Battery Chargers – Types and Tips
No matter what type of a rechargeable battery you use, you will surely need a battery charger to replenish power to it once it is depleted or drained.
Based on the charging processes that they operate with, chargers can be divided in two main types or groups.
One process is called Timer-Controlled Charging and the other process is Smart Charging. There is a difference in price between the two but more importantly, a significant difference in the way they perform the task of charging your batteries.
TIMER CONTROL Chargers
As the name implies, these chargers operate with an automatic shut off timer that is predetermined and built in during manufacturing. Charging time for different chargers range from 4 hours for some to 27 hours for others. Regardless of how long they charge for, the point is that they stop charging automatically at this pre-defined amount of time. Timer Control Battery chargers are inexpensive but keep in mind that all they do is charge the batteries for preliminary set amount of time. This means that all the batteries receive the same amount of charge. But what happens when some batteries need less, or more? Some batteries might have been used a little bit and only require a small topping off. Respectively other batteries could be almost dead at the time of charge and need more than 12 hours of charging. If this is the case, then some batteries become overcharged and some batteries remain undercharged. Be careful because batteries that have become overcharged, are ruined. Batteries that are undercharged are not ruined – but they won’t give you the run time they were intended to deliver. And sooner rather than later, they’ll need to be charged again. With all this, less than outstanding news, why would people still choose timer-control battery chargers? Simple. The price of this type of charger is much less expensive than smart chargers and oftentimes it’s just a matter of budget.
The best part about Smart Chargers is that they have the ability to treat each battery individually. This means that each battery receives charge to the degree it requires it. One battery might be half full and only need to replenished half. Another battery might be 75% empty and would need and receive 75% the topping off power. This is quite an amazing technology! Yes, it costs more than does a timer control charger but no batteries can become over or undercharged with it. Over time, this higher price, greatly become absorbed by the preservation of batteries it gives you. Your entire battery inventory can no longer be at risk for ruin, with a smart battery charger.
TIPS when choosing a charger
- Use the correct charger for the intended battery chemistry. Most chargers serve one chemistry only. Make sure that the battery voltage agrees with the charger. Do not charge if different.
- The Ah rating of a battery can be marginally different than specified. Charging a larger battery will take a bit longer than a smaller pack and vice versa. Do not charge if the Ah rating deviates too much (more than 25 percent).

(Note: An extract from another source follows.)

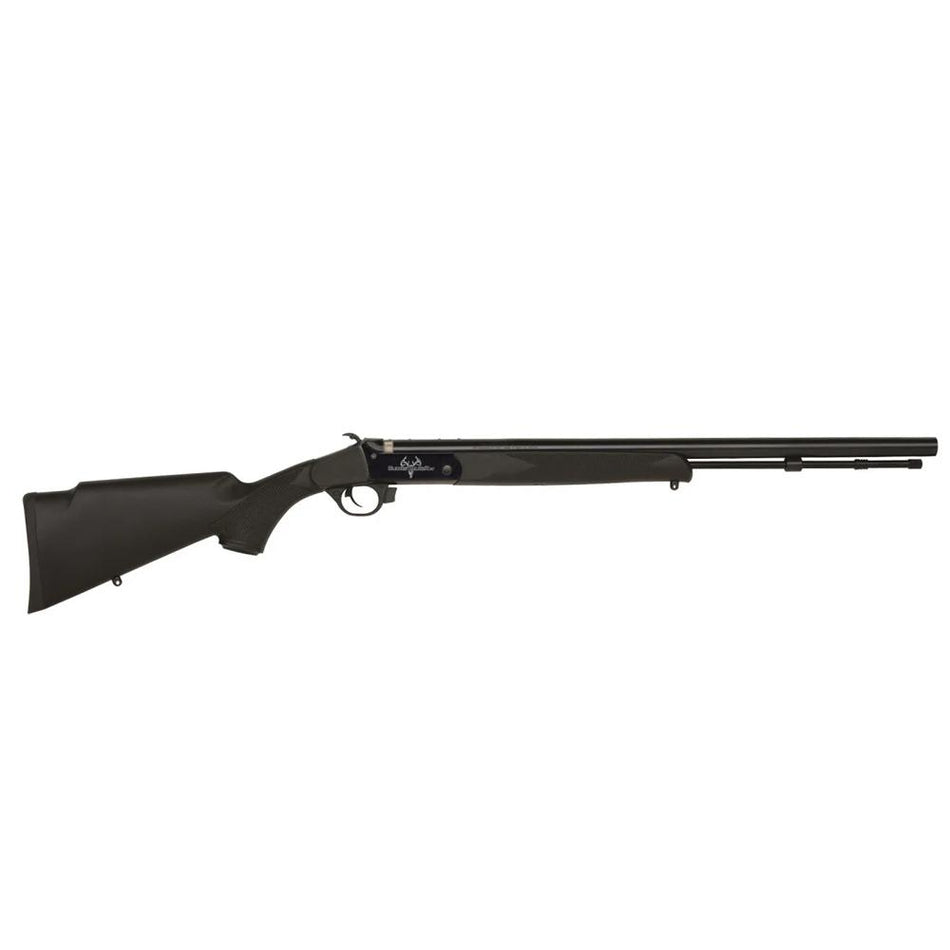 Traditions Buckstalker XT Youth RBP Muzzleloader 50 Cal 24" Blued BBL Black Syn Stock With Sights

- A high-wattage charger shortens the charge time but there are limitations as to how fast a battery can be charged. Ultra-fast charging causes stress.
- A lead acid charger should switch to float charge when fully saturated; a nickel-based charger must switch to trickle charge when full. Li-ion cannot absorb overcharge and receives no trickle charge. Trickle charge and float charges compensate for the losses incurred by self-discharge.
- Chargers should have a temperature override to end charge on a faulty battery.
- Observe charge temperature. Lead acid batteries should stay lukewarm to the touch; nickel-based batteries will get warm towards the end of charge but must cool down on “ready”. Li-ion should not rise more than 10ºC (18ºF) above ambient when reaching full charge.
- Check battery temperature when using a low-cost charger. Remove battery when warm.
- Charge at room temperature. Charge acceptance drops when cold. Li-ion cannot be charged below freezing.